We have a government that condones the destruction of unborn human life, and a pop culture that practically revels in it. We have an academic elite that promotes a utilitarian view of humanity, which it spreads through the pseudo-scientific field of "bioethics." A corrosive, anti-human philosophy has crept through our society, in the form of environmentalism, animal rights activism, and militant atheism. Our liberal media promote this depravity by portraying it as the norm, and its opponents as the lunatic fringe. Finally, there's the lucrative and virtually unregulated abortion industry, which is able to sell a product that it's been paid to take in the first place.

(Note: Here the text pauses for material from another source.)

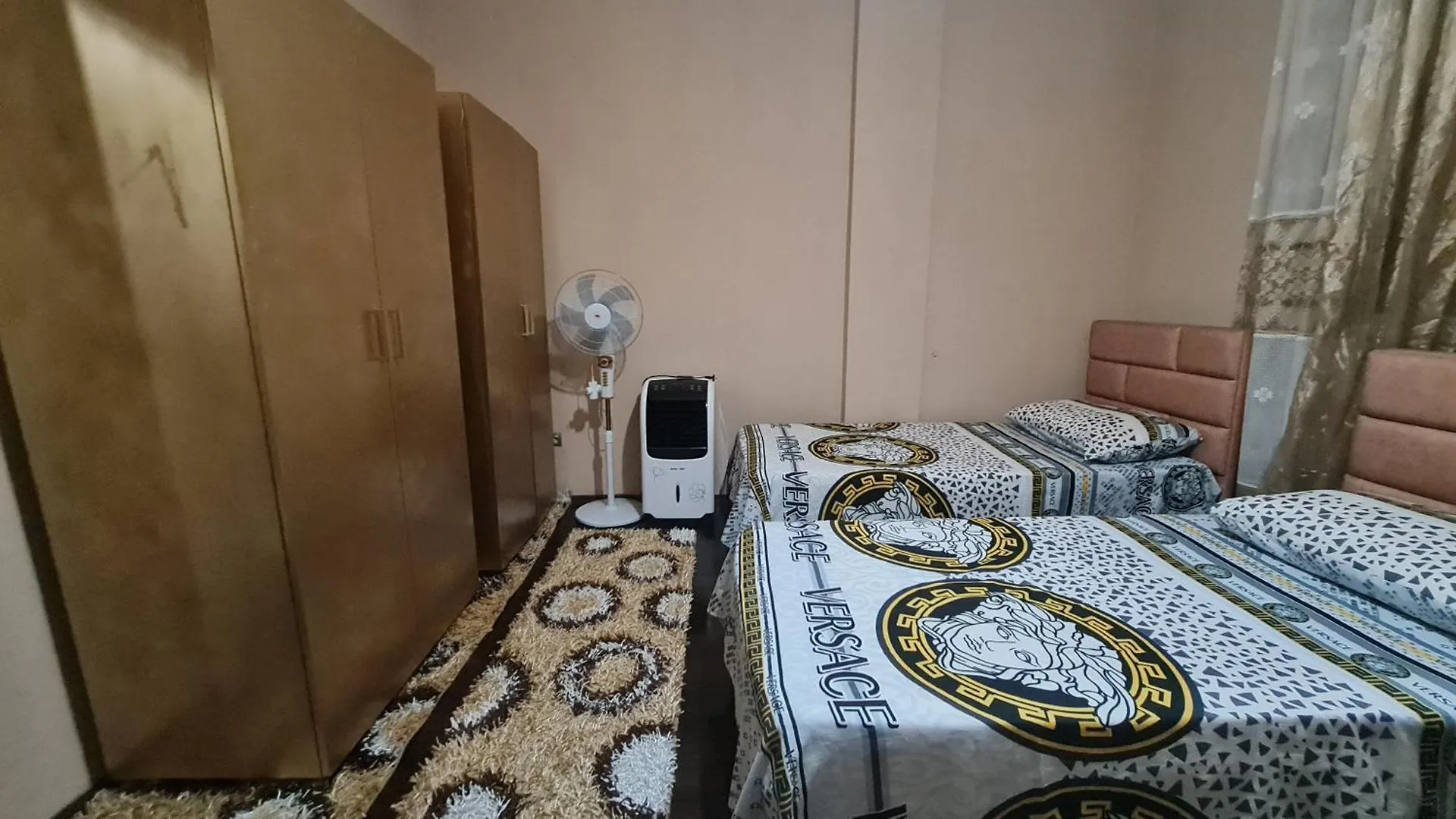 Apartment Top Shkodra Location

In March of 2000, congressional hearings were held on the trafficking of human fetal tissues and organs. If you don't remember this happening, that's because it was barely reported at the time, despite the sensational nature of the testimony. The proceedings focused on two wholesalers that acted as conduits between the abortion clinics and their buyers. Because selling human body parts is prohibited by federal law, they claimed instead that the clinics "donated" the parts to the wholesalers, charging only a "site fee" for the rooms in which the dissections took place, and that the wholesalers then "donated" the parts to their clients, while charging handsomely for delivery.
That evasion was contradicted by a brochure from one of the wholesalers that connected the payments directly to the particular tissues and organs. The price list read like a menu (brains $999, livers $150, eyes $75, etc.), adding that each would be discounted by 30 percent if "significantly fragmented." Damning as this evidence appeared to be, no action was ever taken.
These body parts are presumably being used for medical experimentation, which is odious enough, considering that they cannot have been donated by their rightful owners. Only somebody as grossly unethical as an "ethicist" could endorse the killing of one human being in order to use its remains to treat others. Furthermore, it's a short distance from that point to the use of those remains for industrial purposes.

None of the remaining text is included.